This year, thanks to the support of Heathrow’s employee volunteers, fifty schools in the five surrounding boroughs to Heathrow – Ealing, Hounslow, Hillingdon, Slough and Spelthorne - and more than 3,100 students will participate in the challenge, which will run until the 21st of October.
Students participating learn the engineering story of Heathrow’s Terminal 2 – The Queen’s Terminal – and will have the opportunity to draw up their own inspired designs for a terminal large enough to fit six of their colleagues. Students will then use a STIXX machine, an environmentally innovative system that turns newspapers into building rods, and work in groups to translate their designs into reality.

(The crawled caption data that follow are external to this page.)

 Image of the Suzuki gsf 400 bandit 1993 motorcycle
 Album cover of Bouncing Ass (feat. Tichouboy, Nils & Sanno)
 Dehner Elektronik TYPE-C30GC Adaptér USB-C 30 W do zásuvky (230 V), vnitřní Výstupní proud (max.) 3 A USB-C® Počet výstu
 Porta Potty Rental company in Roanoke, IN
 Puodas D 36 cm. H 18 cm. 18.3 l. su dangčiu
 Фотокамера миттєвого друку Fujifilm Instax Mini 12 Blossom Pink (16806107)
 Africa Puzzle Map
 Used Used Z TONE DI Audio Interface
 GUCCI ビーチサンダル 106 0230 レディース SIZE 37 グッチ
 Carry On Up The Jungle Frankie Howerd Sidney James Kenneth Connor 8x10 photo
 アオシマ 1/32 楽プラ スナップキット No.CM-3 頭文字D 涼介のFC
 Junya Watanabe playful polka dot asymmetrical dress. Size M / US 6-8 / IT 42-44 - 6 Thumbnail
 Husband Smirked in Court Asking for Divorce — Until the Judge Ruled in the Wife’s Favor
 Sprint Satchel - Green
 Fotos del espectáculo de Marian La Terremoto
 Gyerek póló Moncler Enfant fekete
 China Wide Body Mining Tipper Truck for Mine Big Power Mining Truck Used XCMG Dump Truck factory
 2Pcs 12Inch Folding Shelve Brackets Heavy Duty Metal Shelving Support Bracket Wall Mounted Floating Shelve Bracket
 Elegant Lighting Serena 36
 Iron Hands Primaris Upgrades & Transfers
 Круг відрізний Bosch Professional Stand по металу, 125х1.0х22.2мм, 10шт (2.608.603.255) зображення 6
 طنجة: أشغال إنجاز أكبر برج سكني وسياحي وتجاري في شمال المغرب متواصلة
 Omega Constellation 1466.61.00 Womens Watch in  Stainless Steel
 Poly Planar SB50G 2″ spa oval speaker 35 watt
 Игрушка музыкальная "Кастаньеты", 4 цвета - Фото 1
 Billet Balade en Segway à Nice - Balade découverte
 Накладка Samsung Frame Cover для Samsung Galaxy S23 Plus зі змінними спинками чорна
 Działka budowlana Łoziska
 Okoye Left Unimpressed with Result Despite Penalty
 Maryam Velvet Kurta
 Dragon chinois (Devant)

Sundeep Sangha, Heathrow’s Head of Economic Development, says: ‘Heathrow is committed to reducing skills gaps in engineering and technology and in doing so helping the local economy, as well as raising academic achievements and aspirations of young people.
The Primary School Challenge is a wonderful example of how we do this; it complements the Key Stage 2 curriculum, and improves participants’ decision making, creativity and self confidence, all skills which they can develop and use in the workplace in years to come.’
Over the years, 20,741 year 5 & 6 students have benefitted from the skills taught in the Challenge.
Heathrow’s Primary School Challenge Programme has been awarded the 2014 Malcolm Gibbons Cup in the Spark! Partnership Awards, which highlight leading examples of successful collaboration between education and the local business community.